Next to the plate, a glass tipped over on its side, a dried-out stain marking its last serving. Leftovers adhered in clumps to porcelain plates, remnants of vegetables starting to wilt. The stench was rancid, meat decomposing under the weight of time.
Rachel's eyes swept over it all—the abandoned meal, the wasted food. It was as if one moment they were here and the next—poof. Vanished.
She pushed away from the table and continued deeper into the house. The signs of life abruptly ending were disconcerting. The turquoise bead gleamed from where she'd left it by the door—a chilling omen in this spectacle of abandonment.
She felt a sudden chill as she moved towards what looked like an office space—papers scattered on Miguel's desk, computer still humming softly as if waiting for his return. Her senses prickled with discomfort at this eerie tableau—the quiet too loud, the solitude too heavy.
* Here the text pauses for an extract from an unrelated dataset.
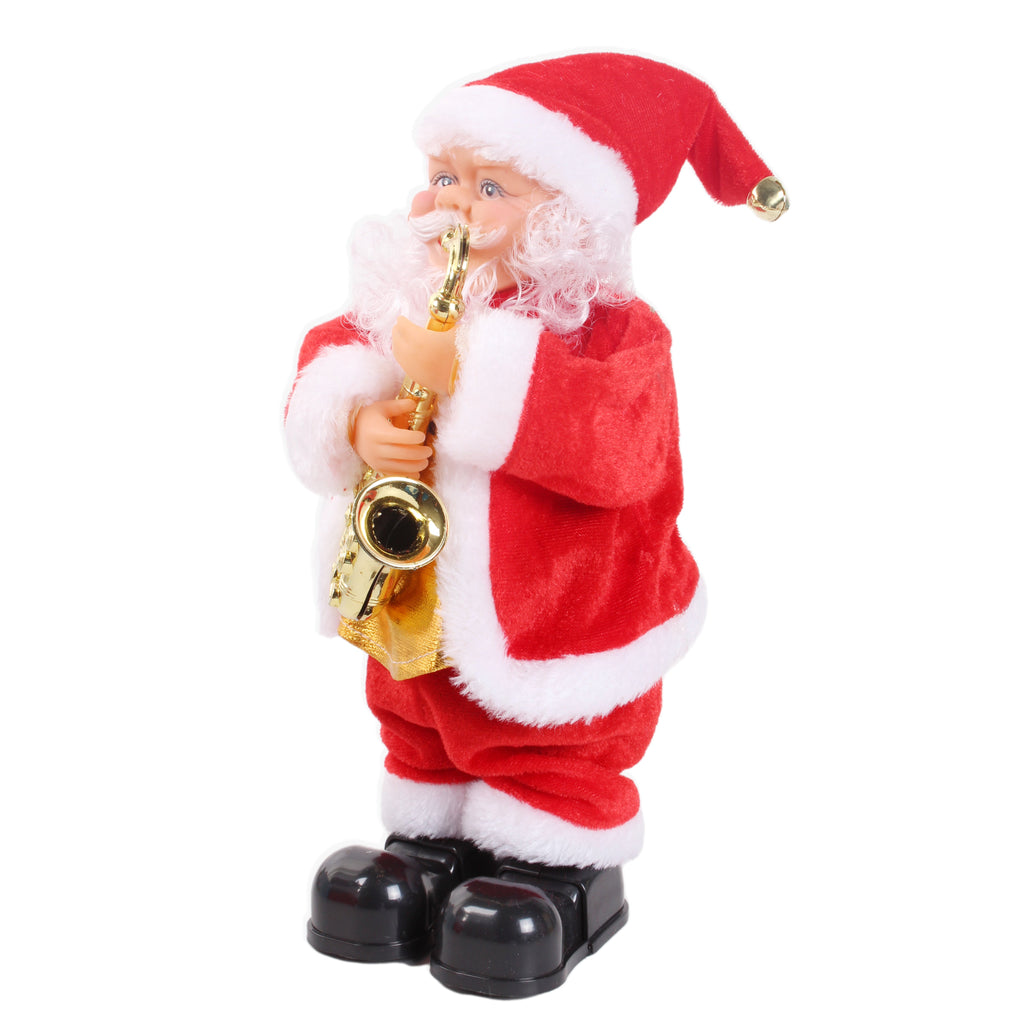 Christmas Toy Musical Moving Santa With Saxophone/Merry Christmas/Jingle Bells Assorted - 10inch 1pc Box IB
Then, the silence interrupted.
A floorboard creaked upstairs, halting her in mid-stride. Rachel's hand went to the sidearm holstered at her waist. She was not alone.
CHAPTER SEVENTEEN
Cautiously, Rachel moved up the stairs. The sound of the gated community’s guards had faded. She took the stairs two at a time, but moved softly, on the balls of her heels, trying to avoid any sharp sounds.
She could no longer hear the creak of a floorboard, but it had been there.
The house settling?
Perhaps, but this seemed a new construction. Then again, it was a large home, with far more hardwood than most she found herself in.
She reached the landing, her eyes darting across the hall, a stretch of open terrain that felt far too exposed.
She moved cautiously along the hall, glancing from one room to the next. Each was a snapshot of halted time—a bed unmade, a book opened face down preserving its place, a lamp still casting a pool of light on the floor.
Rachel edged forward, her senses keyed up to an impossible degree. She could hear her own heartbeat thudding in her ears like the heavy rhythm of drum, and it took all she had not to flinch at each echoing creak of the house shifting around her.
All the rooms empty. Not a soul to be seen.
Only one room remaining. She arrived at the door set in the far wall.
Locked.
She frowned, tried a gain.
No budge.
Plus, no keyhole. This door was latched from the inside.
She pounded her hand against the door. “Texas Rangers!” she called.
But there was no reply. Not even the distant call of the guards. Maybe they were still searching for her at the neighbor’s house who’d called her in.
Or maybe there was no neighbor, and the guards were responding to something else. It could simply be coincidence, if Rachel believed in coincidences.
“Hello?” she tried the door again.
Locked. But not impossible to enter.
The door wasn’t particularly sturdy. And if it was latched. Most latches were thin, affixed with little more than centimeter screws.
She took a step back and breathed slowly, like a bull before rushing a matador. She pushed her white hat back on her head, sweeping her dark hair under the brim, her fingers brushing the beads that looped through her locks.
And then she lunged at the door, heavy boot leading.
The door splintered under the impact, the lock giving way with a sharp crack. Rachel stumbled into the room, her boots crunching over shards of displaced wood, and burst into a sprawling master bedroom.
A king-sized bed sat in the middle of the room, blankets tossed aside, pillows askew. A breeze blew in from a half-opened window across the room, carrying with it a cold draft that set goosebumps along her arms.